According to StackExchange.Redis issue #83; I should increase the timeout in working with Redis (to give it more time to write data to disk before giving it more operations to do).

My question here is; does Rol have any defaults / preferences for those Redis settings; and it appears Rol currently retrieves items lazily and writes them upon setting; is there any way to change that behavior to retrieve on load and write at a predetermined point?

That's not necessarily the solution; I'm just looking for what would be a better practice here.

After speaking with JSONPCares on twitter, I am going to do two things:

  • Implement caching
  • Divorce the Rol objects from the objects I process; read once at load, cache in memory; and write when I'm done. This should result in less reads from Redis and less writes to redis than writing on every property setter. It also helps me make sure the operations are atomic.

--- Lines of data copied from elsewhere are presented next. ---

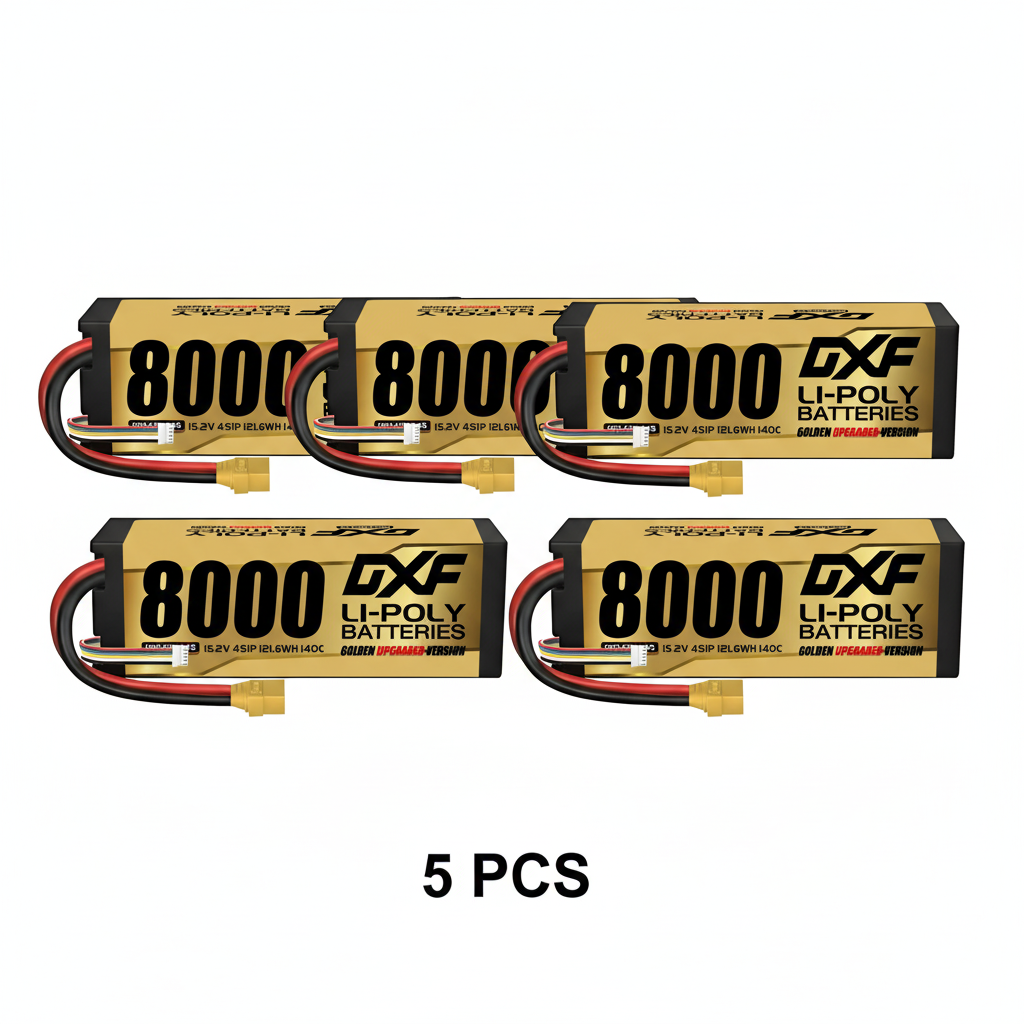DXF 4S HV 15.2V 8000mAh 140C Graphene Hardcase LiPo Battery with XT90/EC5 & 10AWG Wire (1-6 Pack)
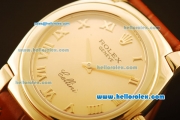 Rolex Cellini Swiss Quartz Yellow Gold Case with Gold Dial and Brown Leather Strap-Roman Markers
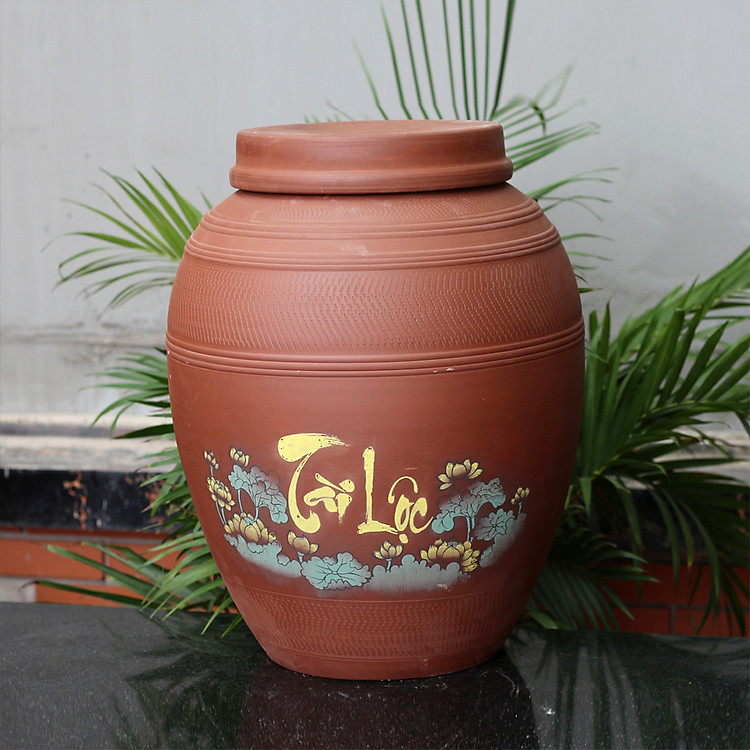 Chum sành Tài Lộc 50 lit gốm sứ Bát Tràng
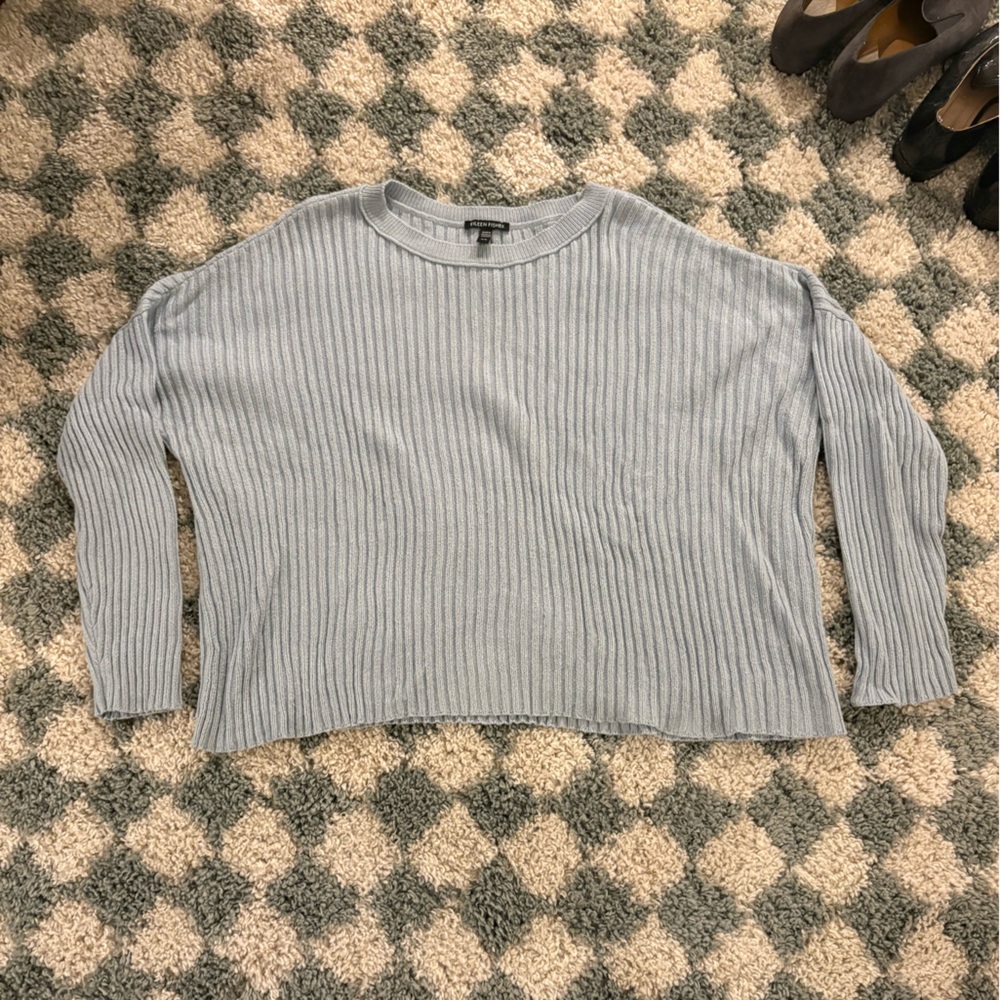 Eileen Fisher Soft Blue Knit Top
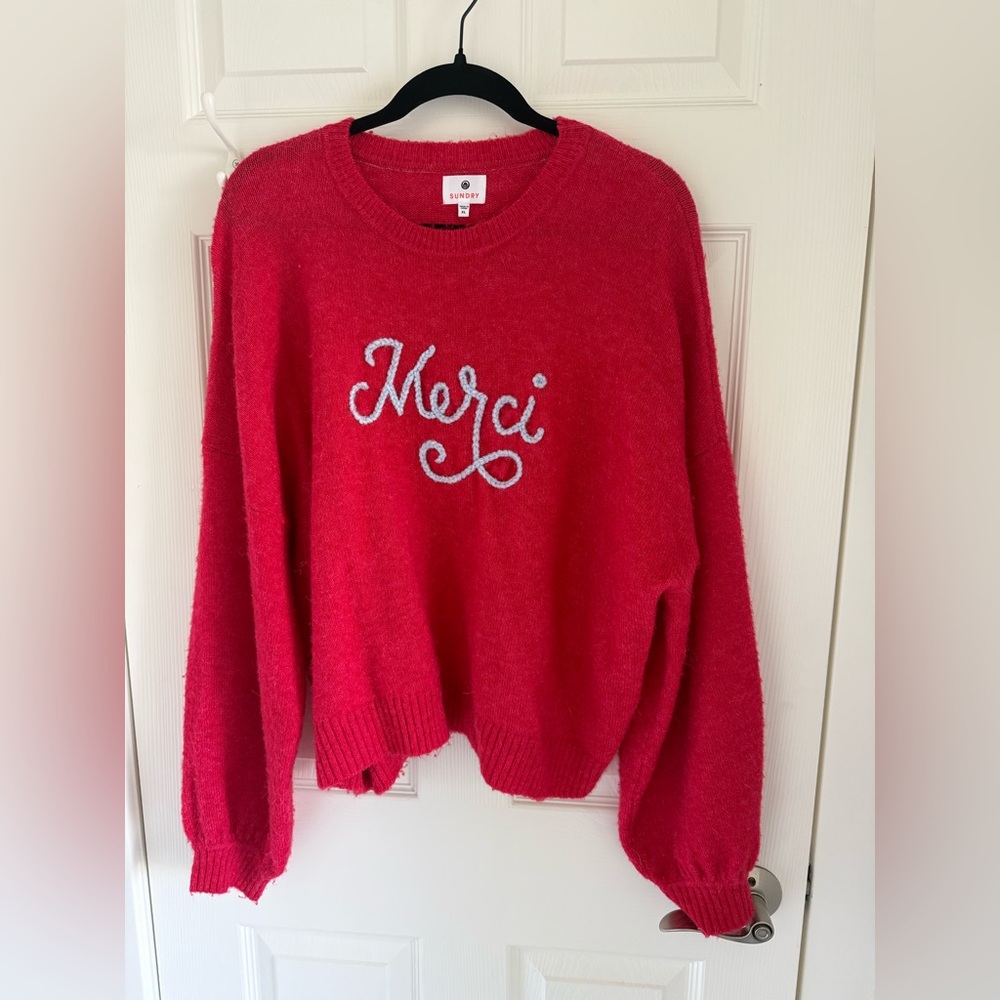 Sundry Merci Sweater XL Red Graphic Crewneck Oversized Anthropologie - Picture 4 of 9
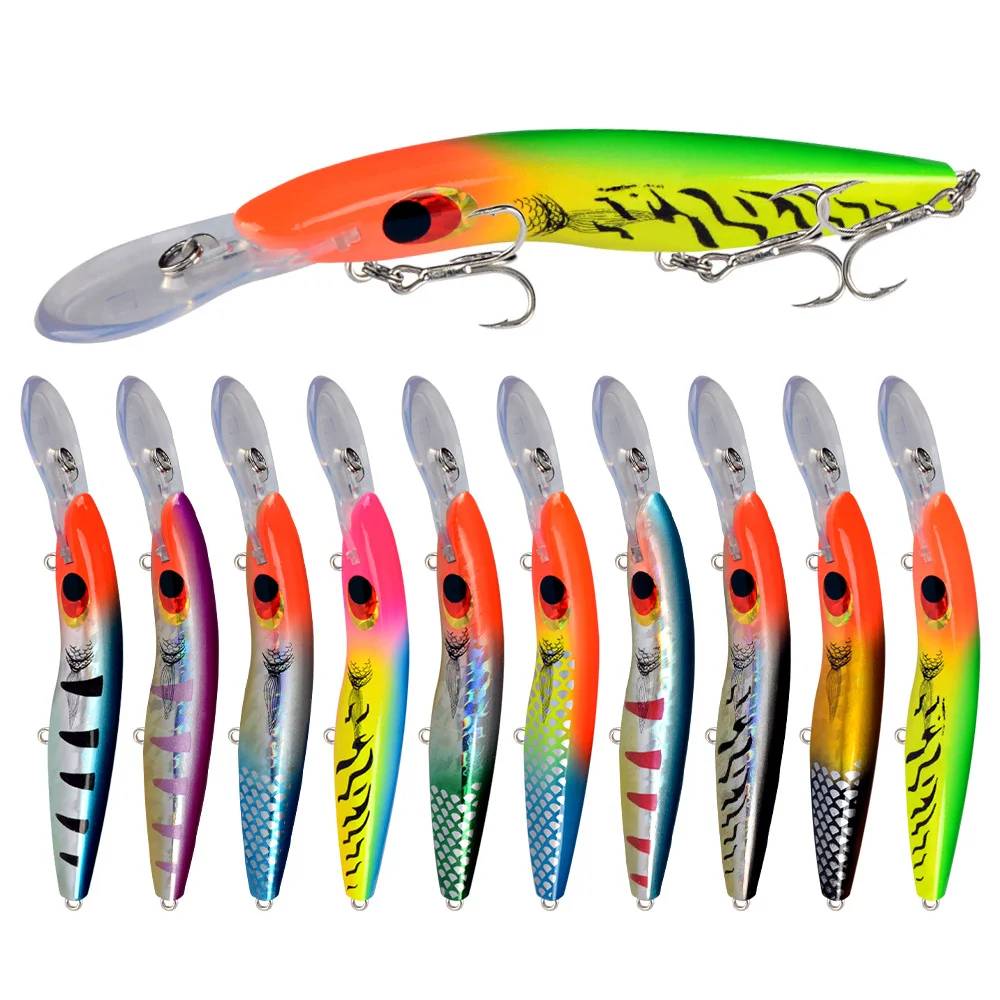 Vivid Deep Diving 8M+ Big Minnow Wobbler 10 Color Fishing Lures Simulate Artificial Hard Bait for Freshwater Carnivorous Fish
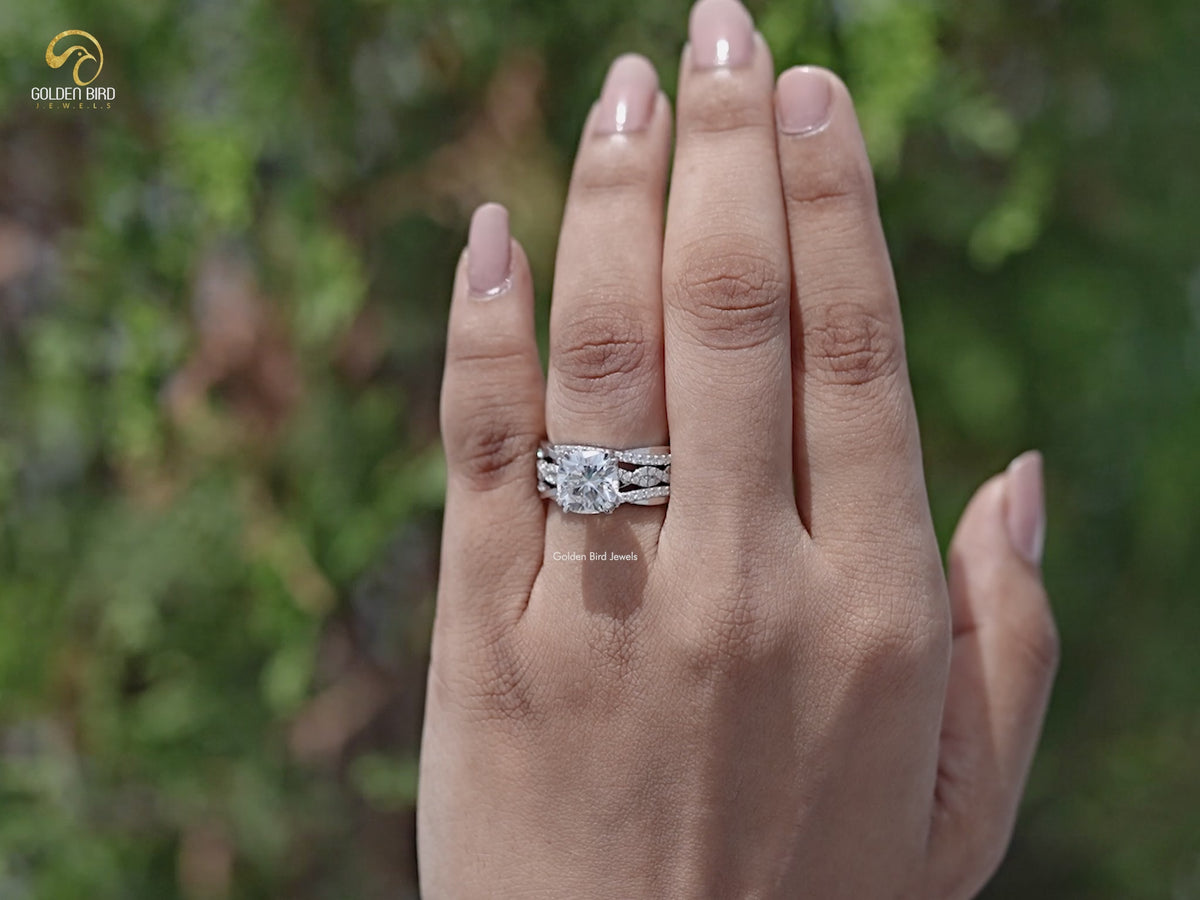Cushion Cut Moissanite Accent Bridal Ring Set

Right now it appears that Rols writes are not atomic; you can write a property, have it saved to redis; try to write the next property, and have it fail, leaving the object in an inconsistent state. This is fine -- and a good design choice for what Rol's purpose is. I'm just abusing Rol because I'm lazy and it's awesome.